From kettles to fridges with some beer for good measure
Steve Rogerson looks at some of the recent news that may have missed the front page.
We all know Blackberry has been struggling a bit in a mobile phone market where it was once a key player, but it was still trying to show just how good it is at security at a recent summit in New York where it demonstrated how to hack a kettle. Yes, you read that correctly, a kettle. This is the type of kettle that can be turned on remotely using an iPhone. Well, in just under 15 minutes, Blackberry showed you can actually hack this and turn it on from another phone. I suspect there are security boffins worldwide now losing sleep. In fact, stop trying to sleep, just get up and make a cup of tea - you never know, it might already be ready for you.

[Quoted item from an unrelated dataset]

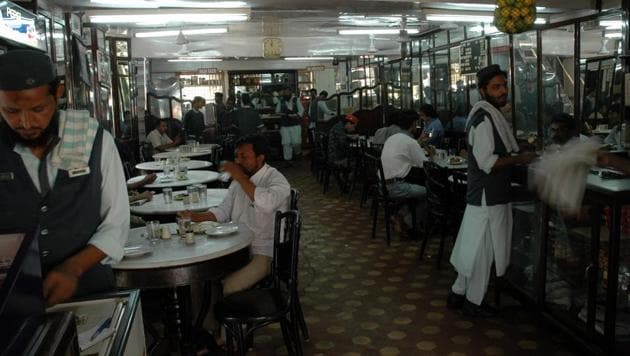 Union consumer affairs ministry said service charge on a food bill is not compulsory and a customer can choose to have it waived if not satisfied with the experience. (HT Photo) Union consumer affairs ministry said service charge on a food bill is not compulsory and a customer can choose to have it waived if not satisfied with the experience. (HT Photo)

Talking of mobile phones, Vodafone is back in my bad books. This time one of its customer service people was quite rude on the phone, so I emailed to complain and the person who rang me to deal with the complaint was the same person I was complaining about.
For many years I have been moaning about the industry’s weird love affair with the word ‘solution’ and how it misuses the word constantly by describing every product under the sun as a solution. I did think it could not get any worse until I read the ‘about us’ bit in a press release from a company called Periscope. I can’t tell you any more about them because the blurb was so full of jargon it was impossible to decipher.
On the subject of naff jargon, when someone asks what was the “main takeaway” they had from a meeting, I can’t be the only one tempted to reply: “Chicken fried rice and prawn crackers.”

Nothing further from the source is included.